Asia will become the default market for Russian oil
Asia will become the default market for Russian oil as the government seeks clients for its energy exports.
Oil prices have risen sharply since Russia invaded Ukraine in late February, putting pressure on major oil consumers in Asia, such as China and India. Aside from the lower cost of Russian oil, Beijing and New Delhi have strong relations with Moscow.
The West has retaliated financially against Moscow for the invasion, with the United States boycotting Russian crude, the United Kingdom planning to do the same, and the European Union considering similar steps. Russia now has extra oil that is difficult to sell, and the situation expects to worsen. Russia, a member of the OPEC+ coalition, is the world’s largest oil exporter and the world’s second-largest crude oil exporter after Saudi Arabia.
The International Energy Agency (IEA) reported that Russian crude sold at record low prices earlier this month. For the Urals mix, a handful of commodity trading firms recently offered discounts of $30 and $25 per barrel. According to industry insiders, since the beginning of the Russia-Ukraine conflict in early March, there has been a “substantial” increase in Russian oil supply heading for India, and New Delhi seems prepared to buy even more inexpensive oil from Moscow.

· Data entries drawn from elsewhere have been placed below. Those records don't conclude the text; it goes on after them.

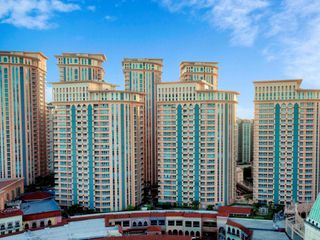 St. Mark Residences
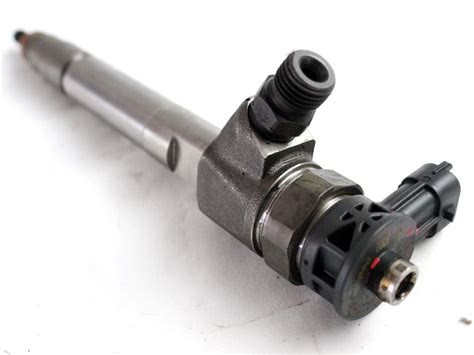 Codici ricambio iniettore diesel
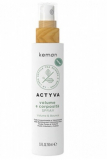 Kemon volume e Corposita Spray — Спрей для надання щільності тонкому волоссю 125 мл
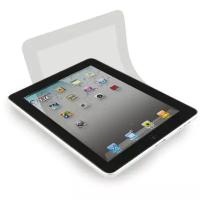 Защитная пленка iBest для iPad 3 9.7" глянцевая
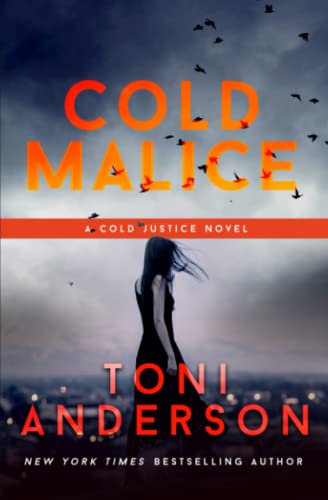 Cold Malice: FBI Romantic Suspense (Cold Justice®, Band 8)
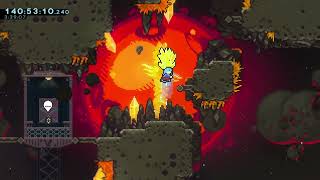 [SJ] The Solar Express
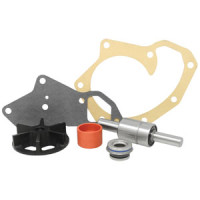John Deere 301A Tractor Water Pump Repair Kit John Deere 301A Tractor Water Pump Repair Kit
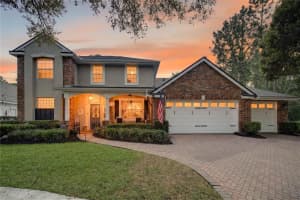 2040 Park Forest Blvd, MOUNT DORA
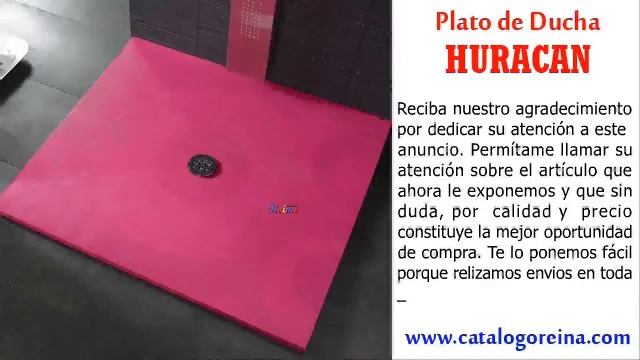 Platos de ducha смотреть онлайн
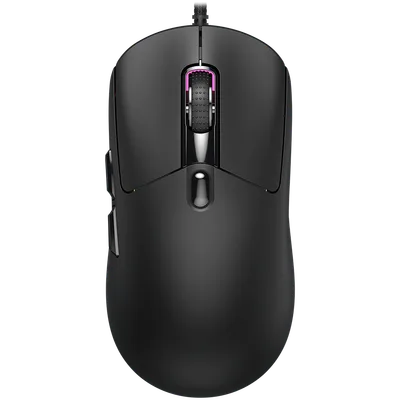 COUGAR MINOS NEO Gaming Mouse, Black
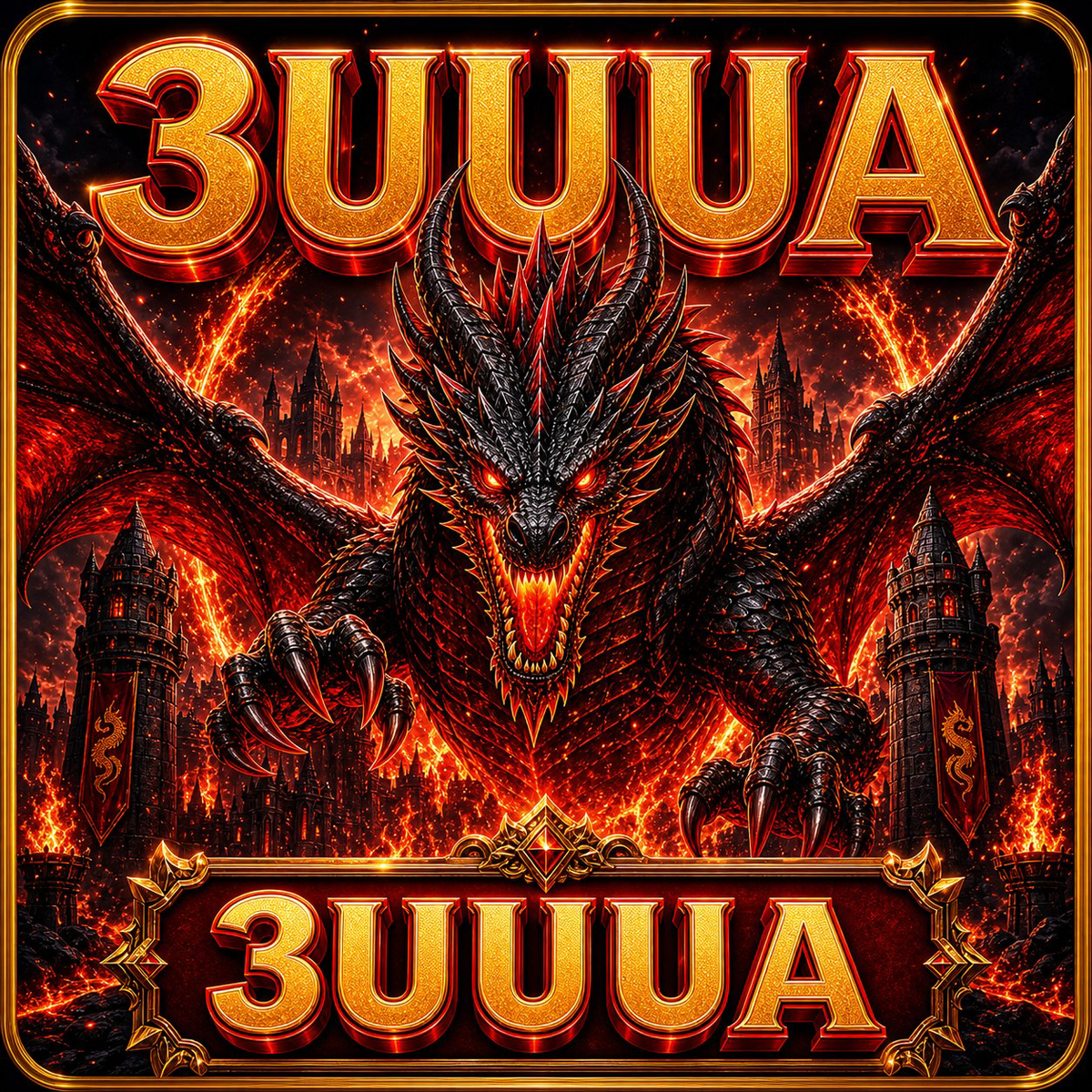 3UUUA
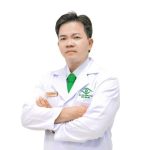 BS.CKI Nguyễn Phong Vũ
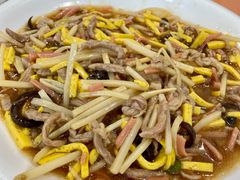 -华圆美食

Gulf oil producers, according to the World Bank’s president, might play a crucial role in reducing oil and gas price volatility in the coming months.
Several consuming countries have asked OPEC+ to increase supply more quickly as crude prices have risen to their highest level since 2008, over $139 per barrel this month.
The majority of spare capacity in the OPEC + group, which encompasses petroleum exporting countries and their allies, including Russia, is held by Saudi Arabia and the United Arab Emirates.